Required work: Exactly the lines from the line with "Armor (Ninotani Helmet)：本大札紫裾濃威腹巻鎧（二之谷兜）" through the final line of the records below, both ends included, are to be set down. Do not include pictures.

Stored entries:
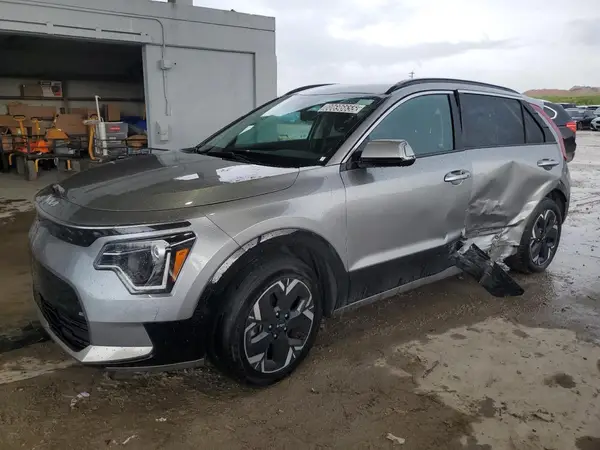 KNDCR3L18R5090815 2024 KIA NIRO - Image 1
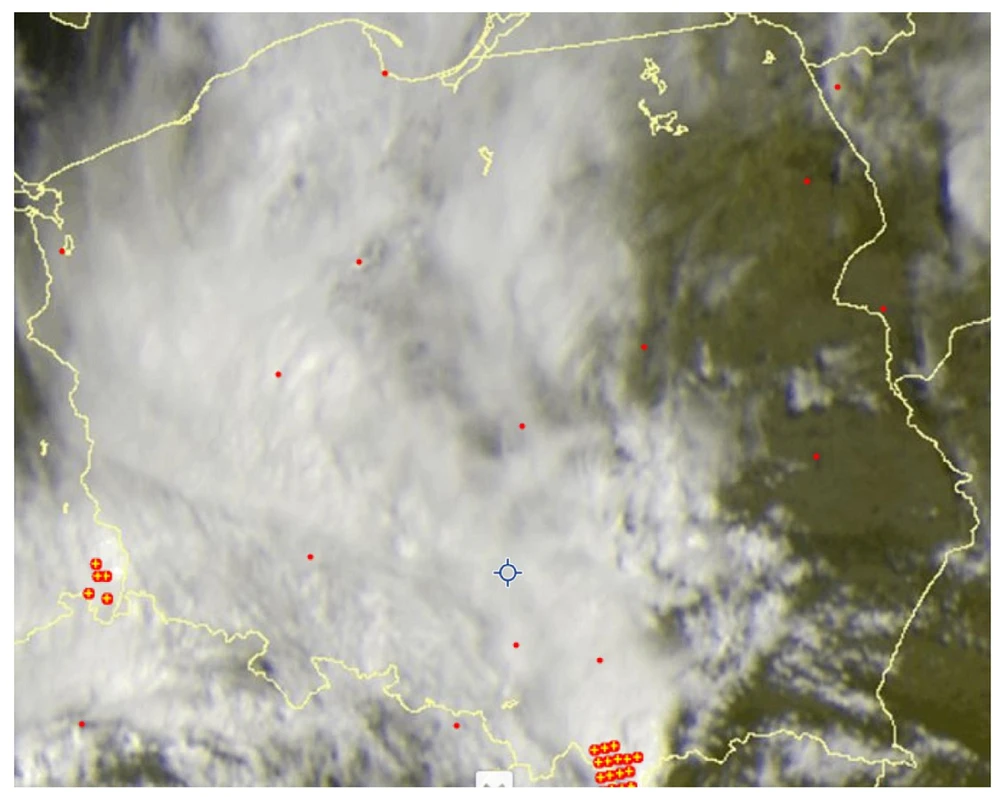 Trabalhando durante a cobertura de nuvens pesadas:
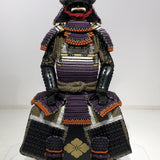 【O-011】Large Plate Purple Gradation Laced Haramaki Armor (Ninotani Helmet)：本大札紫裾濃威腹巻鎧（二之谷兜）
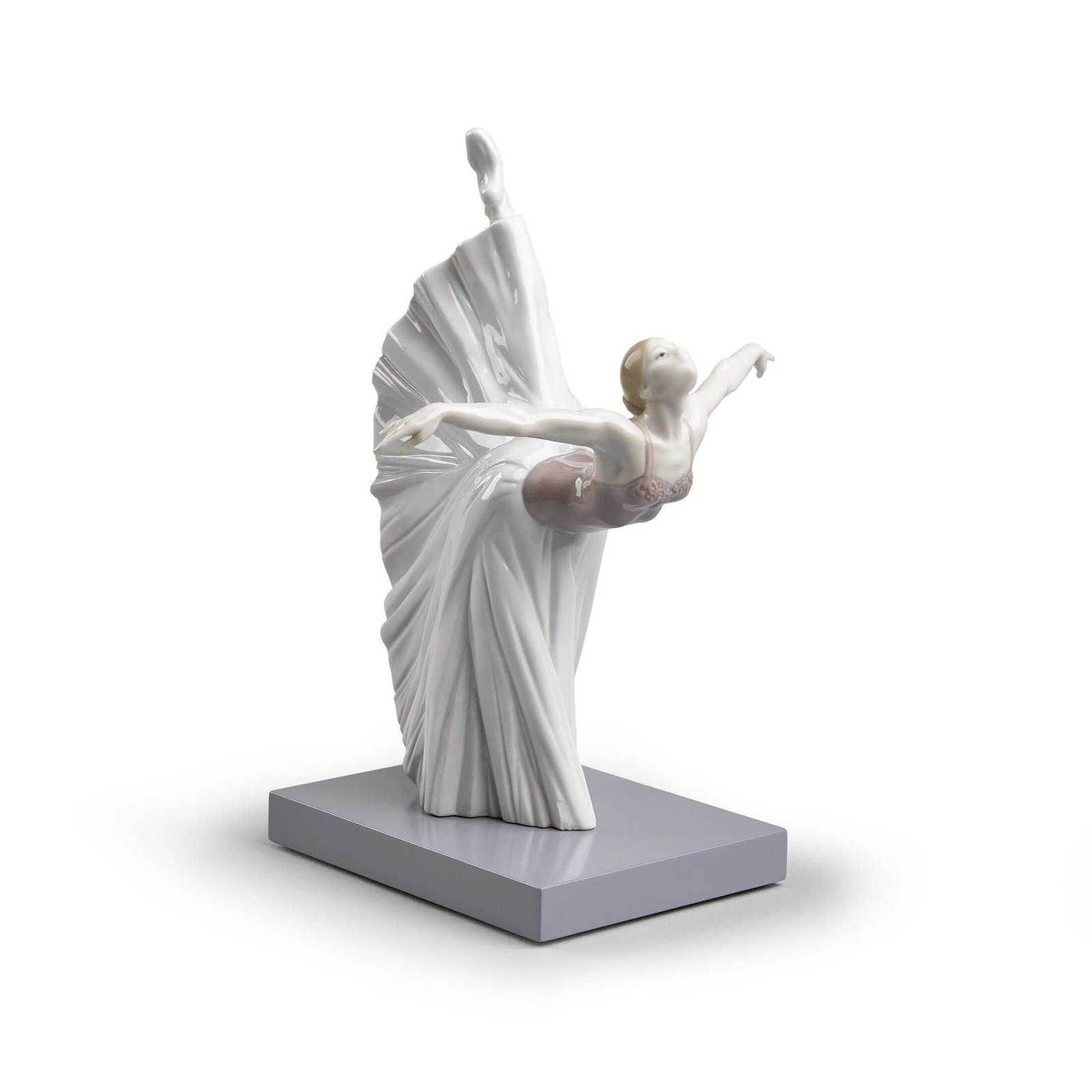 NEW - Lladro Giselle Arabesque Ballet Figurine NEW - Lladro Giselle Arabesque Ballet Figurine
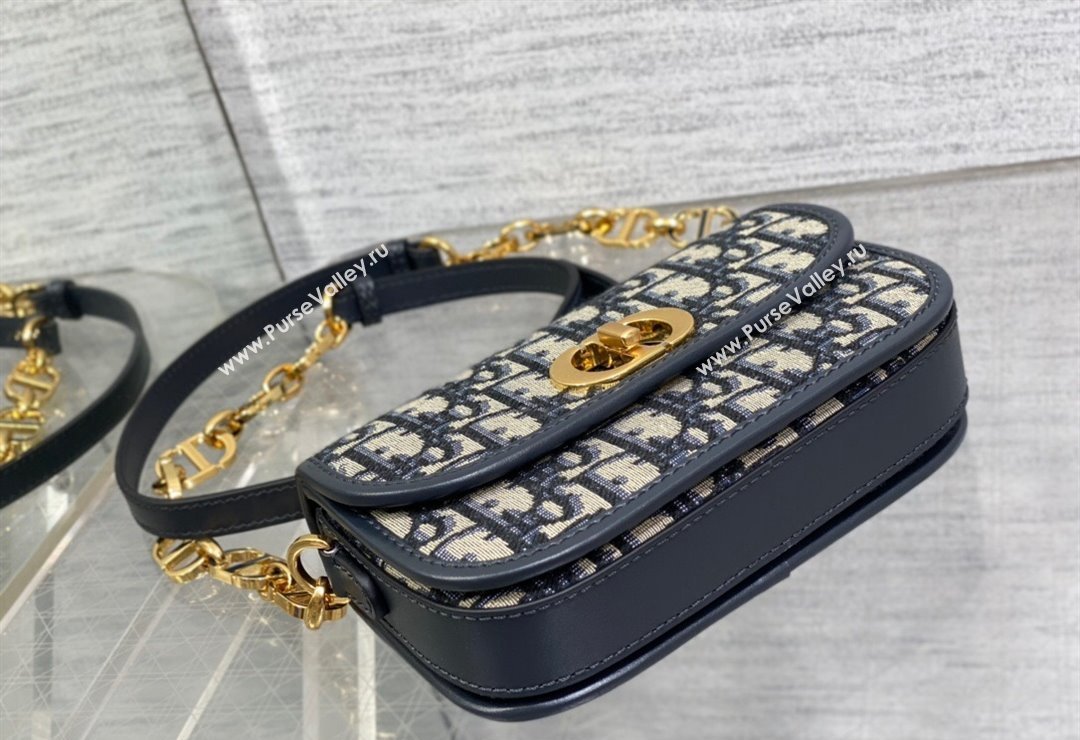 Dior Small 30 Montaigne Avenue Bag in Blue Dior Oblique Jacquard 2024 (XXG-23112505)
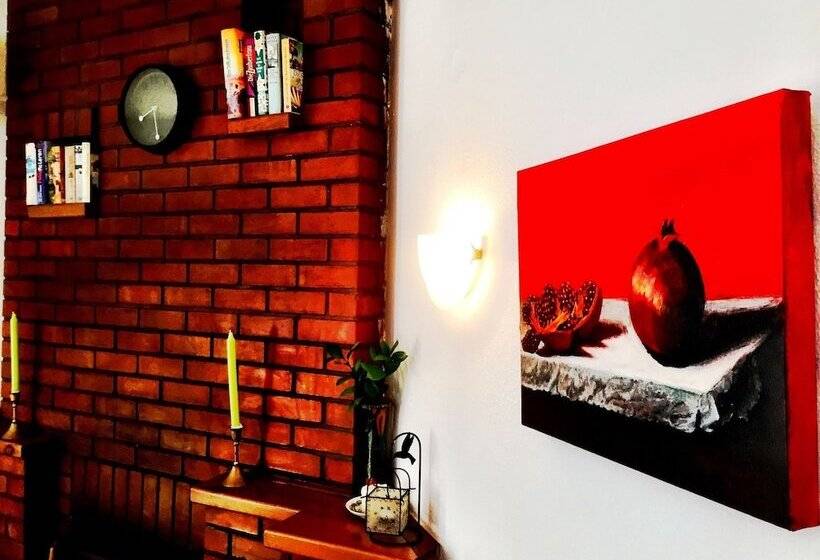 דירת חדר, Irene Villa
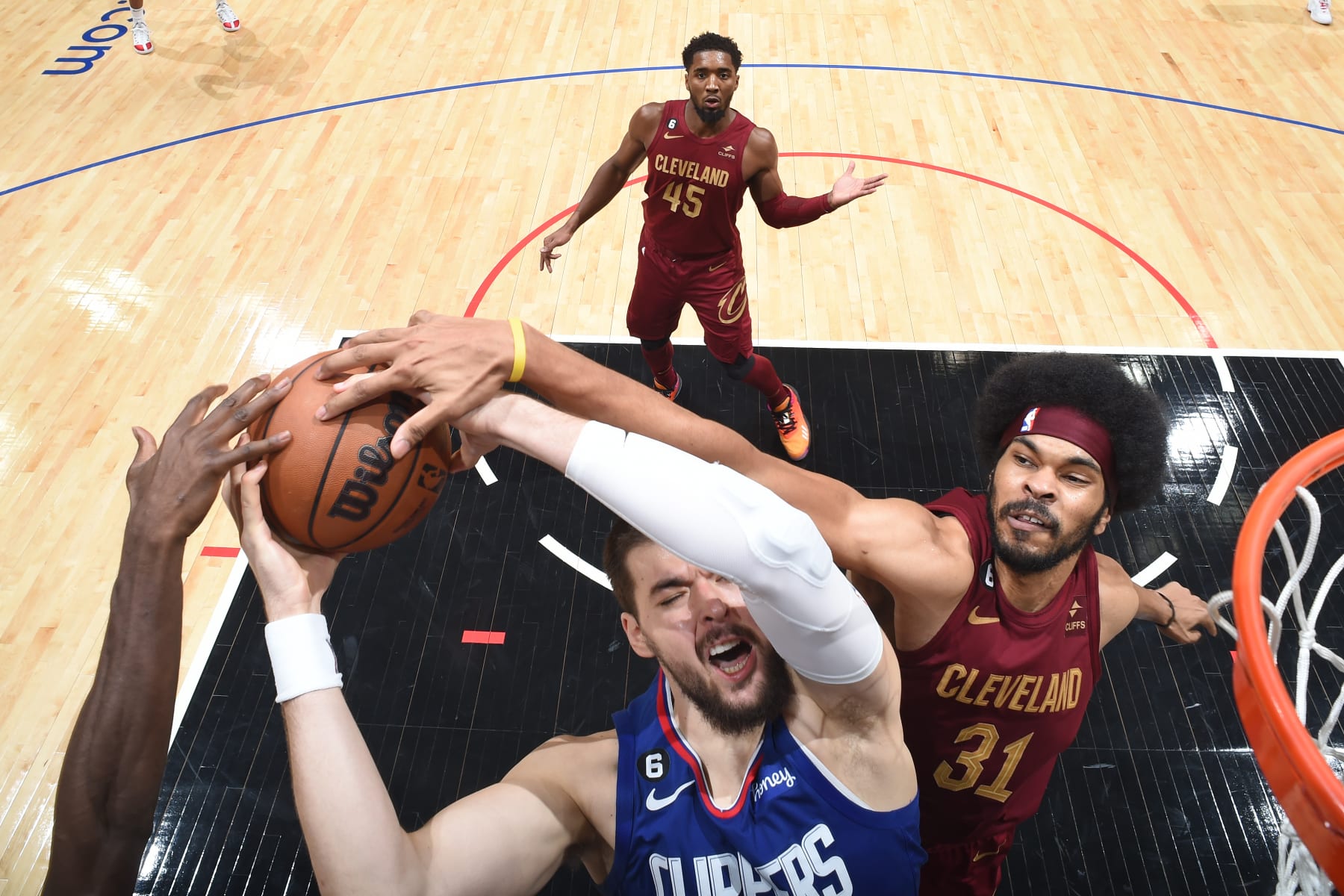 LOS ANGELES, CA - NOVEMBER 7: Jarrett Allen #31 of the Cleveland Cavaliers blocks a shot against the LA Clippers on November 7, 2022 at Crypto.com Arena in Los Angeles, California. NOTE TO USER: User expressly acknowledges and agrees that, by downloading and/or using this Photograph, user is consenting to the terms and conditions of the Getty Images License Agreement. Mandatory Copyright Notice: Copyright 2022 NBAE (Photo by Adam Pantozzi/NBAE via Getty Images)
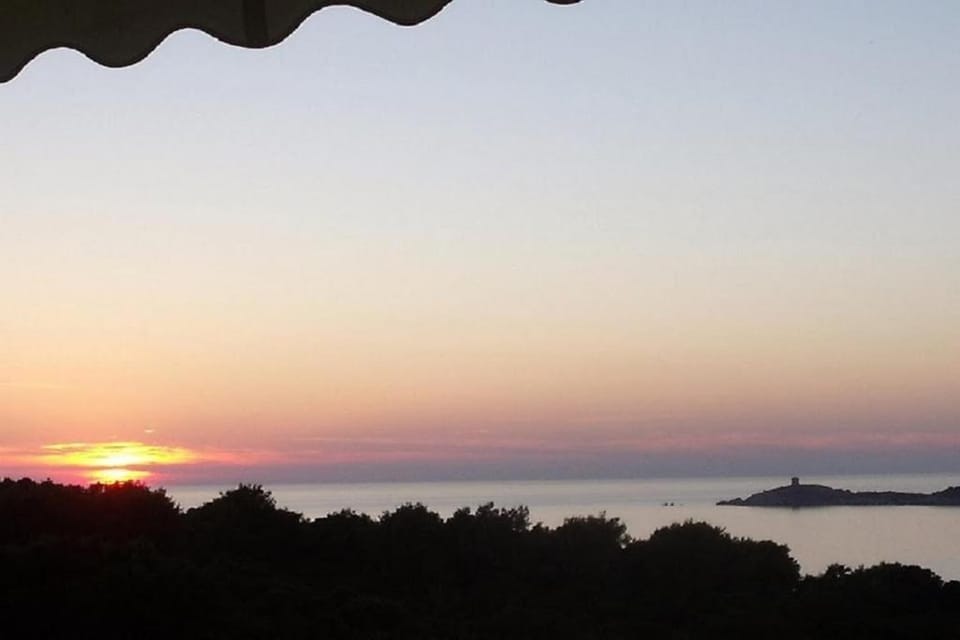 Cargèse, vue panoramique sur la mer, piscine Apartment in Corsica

Exercise solution:
 【O-011】Large Plate Purple Gradation Laced Haramaki Armor (Ninotani Helmet)：本大札紫裾濃威腹巻鎧（二之谷兜）
 NEW - Lladro Giselle Arabesque Ballet Figurine NEW - Lladro Giselle Arabesque Ballet Figurine
 Dior Small 30 Montaigne Avenue Bag in Blue Dior Oblique Jacquard 2024 (XXG-23112505)
 דירת חדר, Irene Villa
 LOS ANGELES, CA - NOVEMBER 7: Jarrett Allen #31 of the Cleveland Cavaliers blocks a shot against the LA Clippers on November 7, 2022 at Crypto.com Arena in Los Angeles, California. NOTE TO USER: User expressly acknowledges and agrees that, by downloading and/or using this Photograph, user is consenting to the terms and conditions of the Getty Images License Agreement. Mandatory Copyright Notice: Copyright 2022 NBAE (Photo by Adam Pantozzi/NBAE via Getty Images)
 Cargèse, vue panoramique sur la mer, piscine Apartment in Corsica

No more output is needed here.